RECORDS FOR PROCESSING:
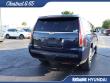 2019 CADILLAC Escalade Luxury SUV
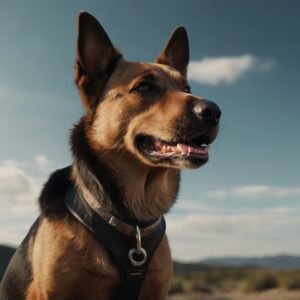 Por que meu cachorro dorme de costas?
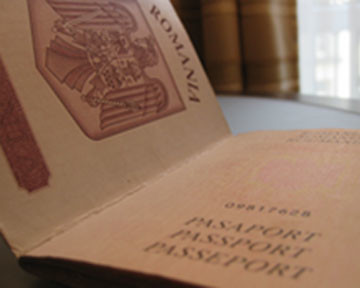 У десятков тысяч буковинцев есть румынские паспорта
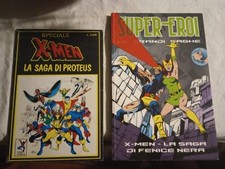 La Saga di Fenice Nera +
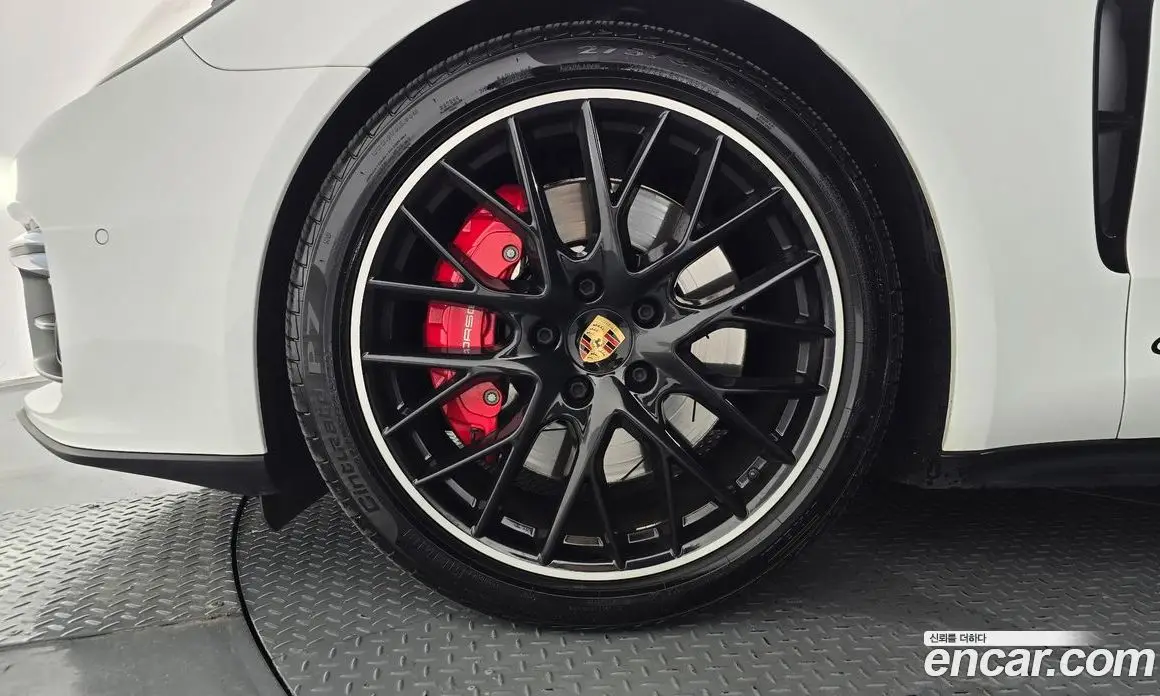 Porsche Panamera 2019 4.0 автомат (гидро), фото 5 Porsche Panamera 2019 4.0 автомат (гидро), фото 5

TASK DETAILS:
Every record above should be transcribed exactly; the pictures stay out of the copy.

EXERCISE OUTPUT:
 2019 CADILLAC Escalade Luxury SUV
 Por que meu cachorro dorme de costas?
 У десятков тысяч буковинцев есть румынские паспорта
 La Saga di Fenice Nera +
 Porsche Panamera 2019 4.0 автомат (гидро), фото 5 Porsche Panamera 2019 4.0 автомат (гидро), фото 5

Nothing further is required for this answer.